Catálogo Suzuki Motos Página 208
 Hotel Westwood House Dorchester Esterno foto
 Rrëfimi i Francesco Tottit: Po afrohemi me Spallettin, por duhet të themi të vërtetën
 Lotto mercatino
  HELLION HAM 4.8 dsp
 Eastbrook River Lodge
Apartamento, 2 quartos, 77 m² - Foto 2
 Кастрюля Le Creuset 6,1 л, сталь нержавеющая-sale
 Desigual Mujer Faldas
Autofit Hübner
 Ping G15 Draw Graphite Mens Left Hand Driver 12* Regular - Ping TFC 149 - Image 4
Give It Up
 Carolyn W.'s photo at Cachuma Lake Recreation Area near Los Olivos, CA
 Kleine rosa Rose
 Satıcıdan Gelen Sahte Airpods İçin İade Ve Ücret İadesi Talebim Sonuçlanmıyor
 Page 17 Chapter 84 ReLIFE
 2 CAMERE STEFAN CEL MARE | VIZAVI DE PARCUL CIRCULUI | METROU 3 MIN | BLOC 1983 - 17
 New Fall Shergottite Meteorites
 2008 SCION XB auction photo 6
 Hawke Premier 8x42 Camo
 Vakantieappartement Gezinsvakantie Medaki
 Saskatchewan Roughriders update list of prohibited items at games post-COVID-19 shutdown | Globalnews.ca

### Your objective
Wherever a line above contains "photo", copy that line.

### Task solution
 Carolyn W.'s photo at Cachuma Lake Recreation Area near Los Olivos, CA
 2008 SCION XB auction photo 6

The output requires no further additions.